With less than three months left until the Greek D-Day, and just over one month until the next 3-year LTRO, which will be the ECB's final chance to firewall off its banks with sufficient liquidity and brace for the worst if Greece fails to reach a consensual debt reducing exchange offer (which our colleagues in the German press don't think will be nearly enough), we finally get a glimpse of how the super broke Mario brothers really feel. According to a report in the German Spiegel, the ink is not even yet dry on the latest completely toothless EU Fiscal Draft (which will allow the €500 billion European Stability Mechanism to be enacted) and already we get the world's most insolvent hedge fund, pardon central bank, and Europe's biggest debtor demanding for more. "Italian Prime Minister Mario Monti and European Central Bank President Mario Draghi both support enlarging the capacity of Europe’s permanent financial rescue mechanism, Der Spiegel reported, without saying where it got the information. The news magazine said Monti is pushing for the European Stability Mechanism’s capacity to be doubled to 1 trillion euros ($1.29 trillion), and had made the suggestion to the German government. Der Spiegel added that Draghi supports the view that unused funds from Europe’s temporary rescue fund should be added to the ESM’s firepower when it comes into force." Well good thing the ECB is not printing money or else one would get the impression that the system is getting flooded with trillions of excess cash. It also also great that the next LTRO will not be up to €10 trillion, as first reported here, and as was finally noted by the German press.
As for the reason why the Super Insolvent Mario Bros need the extra cash...

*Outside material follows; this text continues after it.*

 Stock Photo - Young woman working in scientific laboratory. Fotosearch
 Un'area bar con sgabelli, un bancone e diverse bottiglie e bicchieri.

Such a measure would create trust in the monetary union, which leaves the lower interest rates on government bonds, argues Monti. This suggestion is supported by Spain and Portugal. France also argues that Germany is throwing its economic and financial power in favor of the euro in the pan. The federal government has set by his wishes Monti already aware.

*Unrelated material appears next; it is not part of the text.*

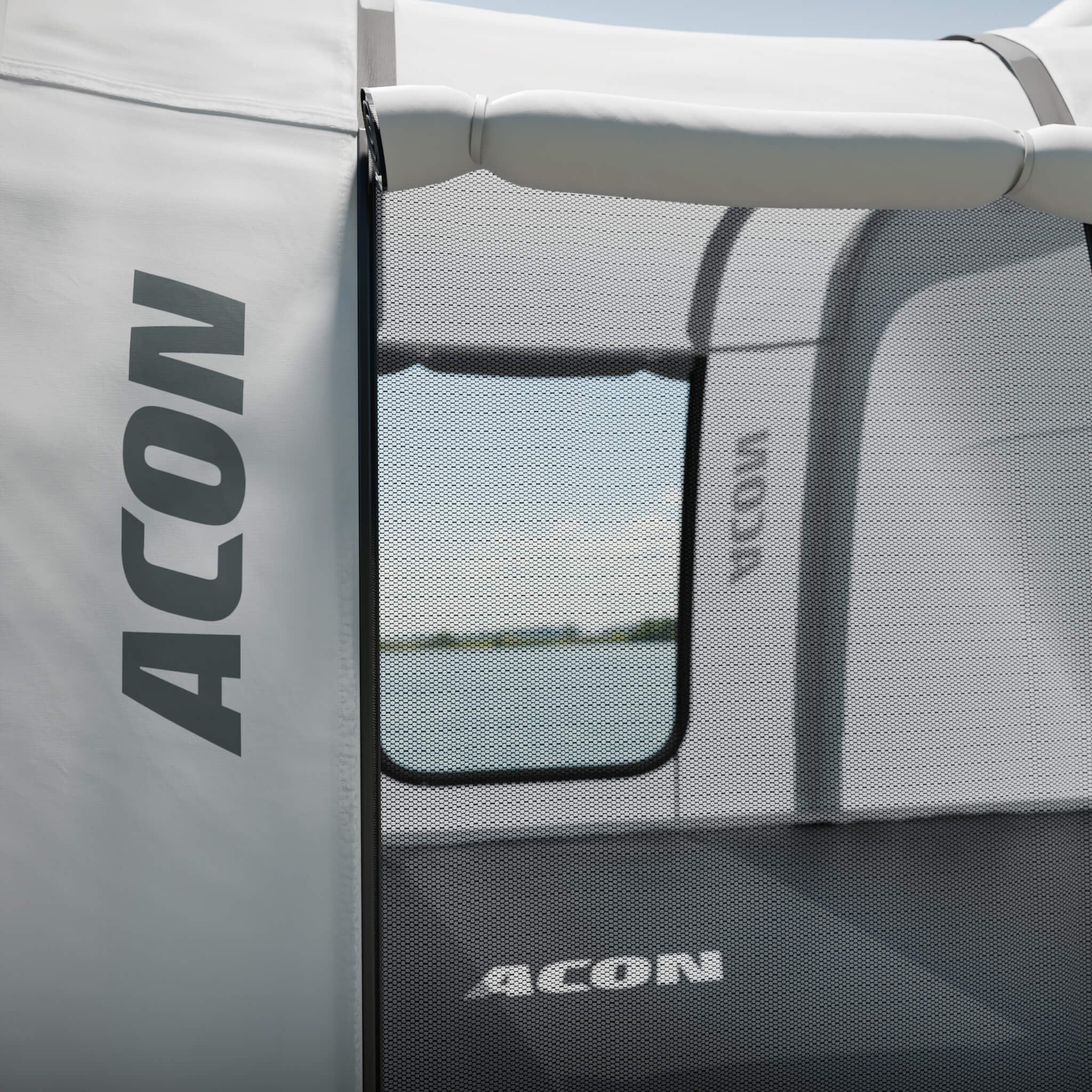 Närbild av ingången till Acons trampolintält, med Acon-logotypen på en vit tygpanel.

Needless to say, Germany will not hear of it: after all it is its money that goes down the rabbit chute to fund Italy's deficits. But that will not stop Monti who has just conceived the most persuasive of arguments:
The Italian Prime Minister had urged that Germany should contribute so that Italy would continue to pay lower interest rates.
Poor Mario apparently fails to grasp that for Germany a plunging Euro, and thus a surging export market to offshore trading parterns, is the only thing that matters now that its endogenous mercantilist import, pardon, trading partners of the past decade, the PIIGS, have no more debt capacity to buy German exports. Although even a technocrat probably understands that one does not get a weak currency by bailing out the weakest links over and over.
Expect the European crisis to be with us for a long time. After all, that's precisely what Germany wants (of course, the Chairsatan may have other views on the matter).